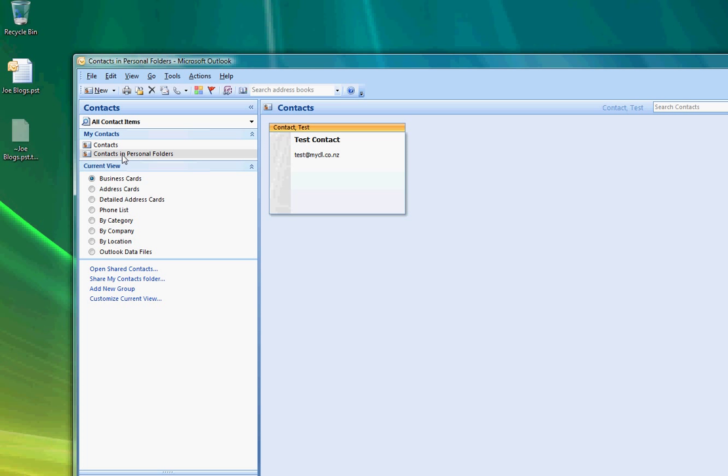Now depending on how large your mailbox is that process may take anything from seconds like you just saw here to half an hour to an hour depending on the speed of your machine and depending on how many email items and how large your mailbox is.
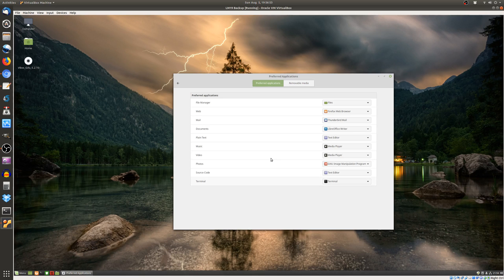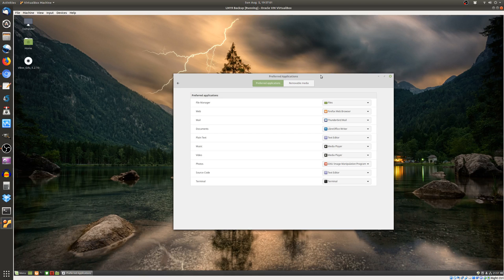But that's pretty much it guys, that is how you set up your preferred applications and have a quick look at them as well to see what they are and indeed if they do require changing.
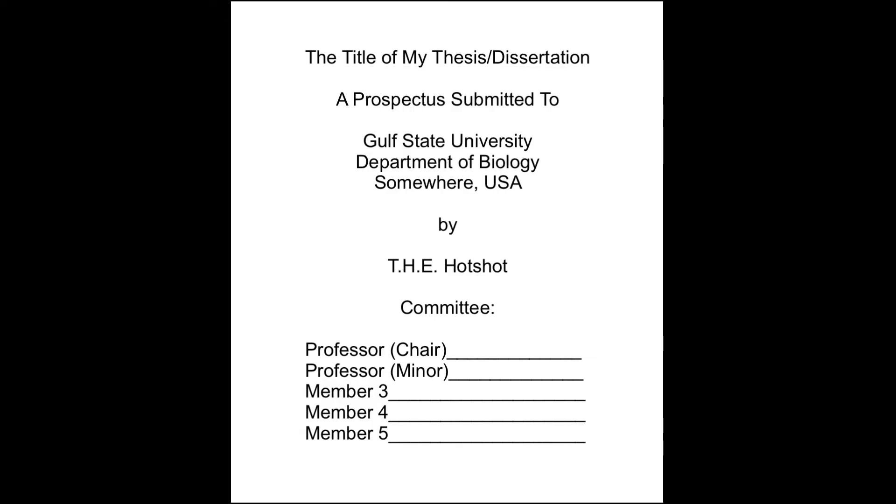There will be a title page that looks something like this, with the title of your proposed project, your university information, your name, and the names of your committee members.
* * * * * * *
All lines from the beginning of the material through the line that holds "But that's pretty", both included, should be returned exactly; please omit any pictures and add no other lines.

Now depending on how large your mailbox is that process may take anything from seconds like you just saw here to half an hour to an hour depending on the speed of your machine and depending on how many email items and how large your mailbox is.
But that's pretty much it guys, that is how you set up your preferred applications and have a quick look at them as well to see what they are and indeed if they do require changing.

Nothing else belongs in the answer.